I/O arrangement of FPGA IP when interfacing wishbone bus

I/O arrangement of High-Density (HD) FPGA IP when interfacing wishbone bus

Debug Mode

When the logic analyzer interface is enabled, the FPGA can operate in debug mode, whose internal signals can be readback through the registers of the RISC-V processor. Fig. 10 illustrates the detailed I/O arrangement for the FPGA, where the logic analyzer signals are connected to fixed FPGA I/O locations.

Note

The logic analyzer is 128-bit, while 115 bits can drive or be driven by the FPGA I/O. The other 14 bits are connected to internal spots of the FPGA fabric, monitoring critical signal activities of the FPGA in debugging purpose.

Warning

If the logic analyzer is not used, please configure both the management SoC and the FPGA as follows:

  • all the I/O directionality is set to input mode.
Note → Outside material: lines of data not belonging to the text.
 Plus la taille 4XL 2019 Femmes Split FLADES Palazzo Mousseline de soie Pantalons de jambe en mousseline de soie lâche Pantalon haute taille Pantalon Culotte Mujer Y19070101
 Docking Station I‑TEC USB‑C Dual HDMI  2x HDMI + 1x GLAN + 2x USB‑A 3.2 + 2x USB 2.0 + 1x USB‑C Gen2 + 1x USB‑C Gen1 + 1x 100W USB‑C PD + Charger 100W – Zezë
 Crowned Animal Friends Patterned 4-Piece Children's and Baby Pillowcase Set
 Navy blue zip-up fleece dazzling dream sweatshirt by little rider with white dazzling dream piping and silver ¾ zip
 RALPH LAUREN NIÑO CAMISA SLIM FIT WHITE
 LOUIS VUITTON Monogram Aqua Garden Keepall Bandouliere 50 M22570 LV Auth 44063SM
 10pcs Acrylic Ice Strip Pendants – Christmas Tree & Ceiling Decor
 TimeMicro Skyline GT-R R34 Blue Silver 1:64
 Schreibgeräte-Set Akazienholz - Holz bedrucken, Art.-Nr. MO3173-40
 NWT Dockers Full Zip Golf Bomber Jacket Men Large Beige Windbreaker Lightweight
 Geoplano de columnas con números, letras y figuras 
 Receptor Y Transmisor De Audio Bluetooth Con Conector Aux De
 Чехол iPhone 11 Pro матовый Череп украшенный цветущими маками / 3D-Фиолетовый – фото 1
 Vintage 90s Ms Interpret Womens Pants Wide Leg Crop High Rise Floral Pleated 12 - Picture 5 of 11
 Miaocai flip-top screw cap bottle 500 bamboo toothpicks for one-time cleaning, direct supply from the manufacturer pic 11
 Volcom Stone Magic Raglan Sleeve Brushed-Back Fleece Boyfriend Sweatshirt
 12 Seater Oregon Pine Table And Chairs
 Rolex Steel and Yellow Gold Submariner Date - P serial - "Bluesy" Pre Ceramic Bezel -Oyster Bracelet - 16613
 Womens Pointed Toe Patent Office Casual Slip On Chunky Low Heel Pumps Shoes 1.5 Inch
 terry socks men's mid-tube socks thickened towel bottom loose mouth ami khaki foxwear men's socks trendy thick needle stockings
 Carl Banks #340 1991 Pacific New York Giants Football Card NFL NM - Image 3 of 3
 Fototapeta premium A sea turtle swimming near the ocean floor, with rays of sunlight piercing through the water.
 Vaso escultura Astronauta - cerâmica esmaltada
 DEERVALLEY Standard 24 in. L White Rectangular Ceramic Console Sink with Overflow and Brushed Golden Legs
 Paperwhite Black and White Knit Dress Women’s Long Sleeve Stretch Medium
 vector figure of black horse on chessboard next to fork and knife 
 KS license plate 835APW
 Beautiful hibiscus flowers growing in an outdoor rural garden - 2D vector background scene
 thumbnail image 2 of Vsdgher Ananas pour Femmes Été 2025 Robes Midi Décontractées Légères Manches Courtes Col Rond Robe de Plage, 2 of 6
  • all the output ports is pulled down to logic ``0``.

I/O arrangement of FPGA IP when interfacing logic analyzer

I/O arrangement of High-Density (HD) FPGA IP when interfacing logic analyzer

Configurable Logic Block

Generality

Each Logic Block (CLB) consists of 8 Logic Elements (LEs) as shown in Fig. 11. All the pins of the LEs are directly wired to CLB pins without a local routing architecture. Feedback connections between LEs are implemented by the global routing architecture outside the CLBs.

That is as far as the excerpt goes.